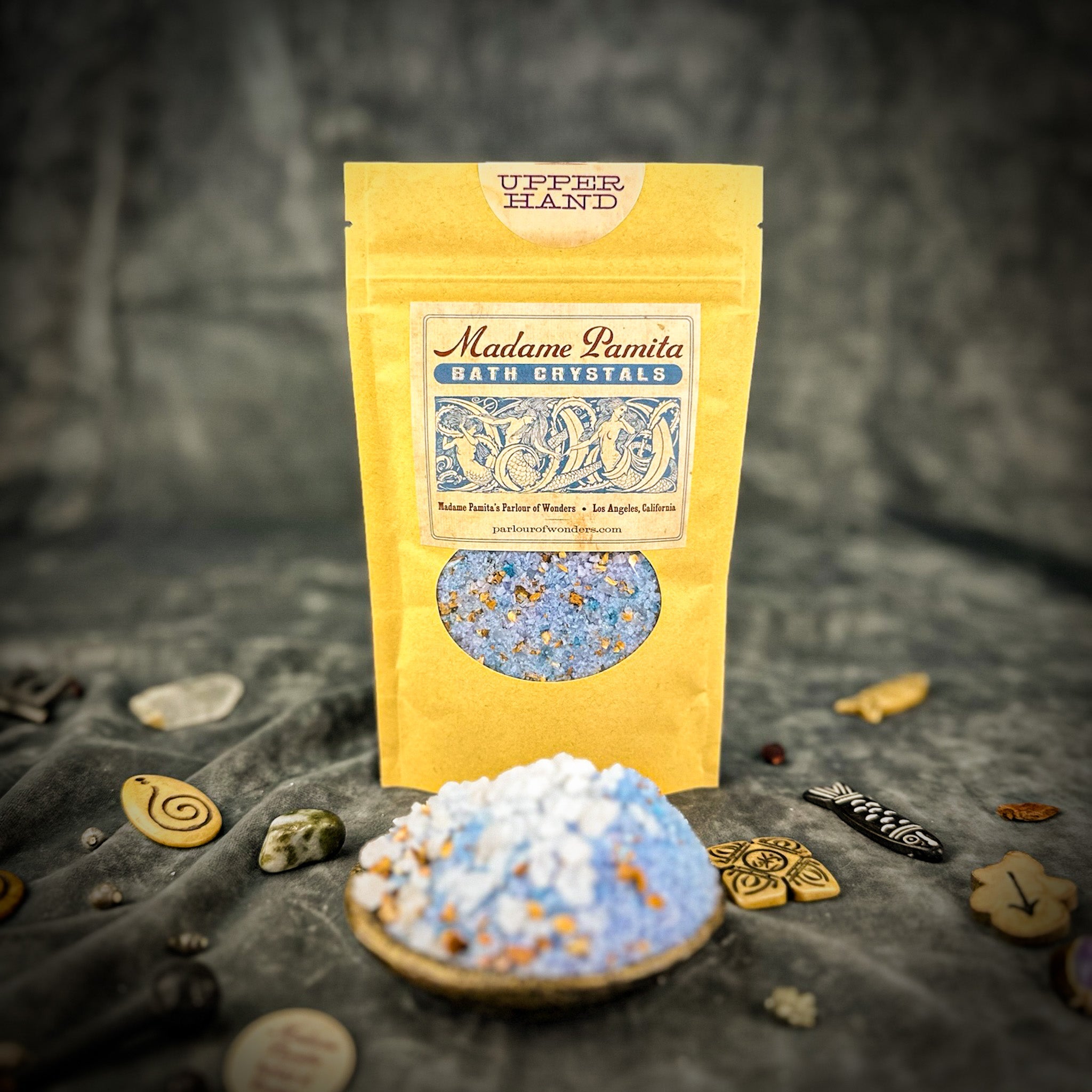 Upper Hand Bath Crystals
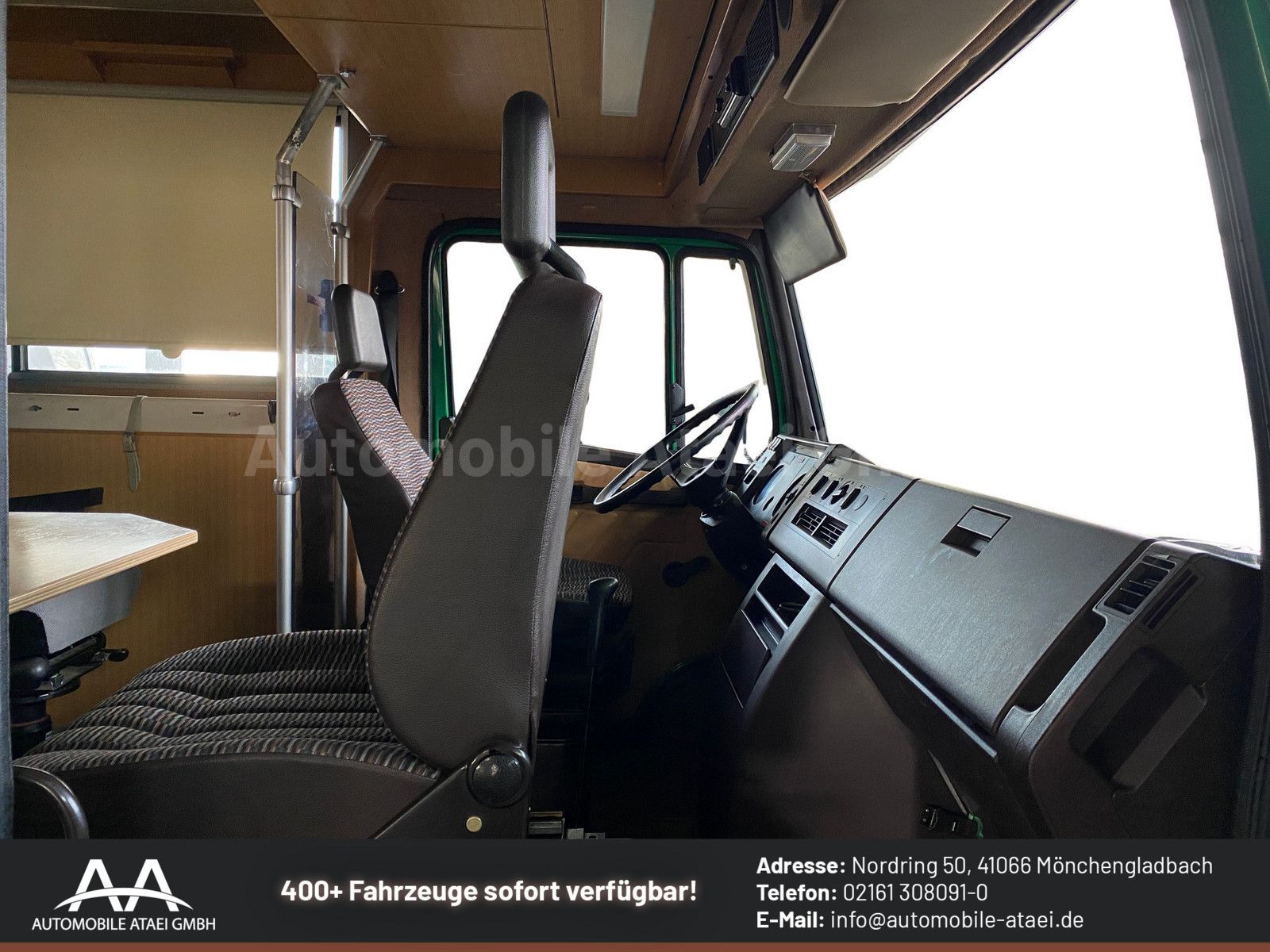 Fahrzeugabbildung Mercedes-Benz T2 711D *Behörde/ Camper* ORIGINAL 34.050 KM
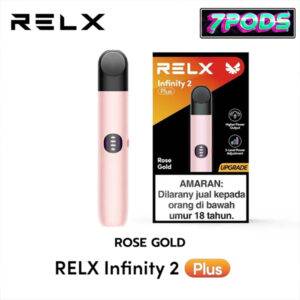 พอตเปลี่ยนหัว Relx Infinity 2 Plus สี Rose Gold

* ABOUT THIS EXERCISE:
The data above needs to be retyped exactly, with the images left out.

* SOLVED EXERCISE:
 Upper Hand Bath Crystals
 Fahrzeugabbildung Mercedes-Benz T2 711D *Behörde/ Camper* ORIGINAL 34.050 KM
 พอตเปลี่ยนหัว Relx Infinity 2 Plus สี Rose Gold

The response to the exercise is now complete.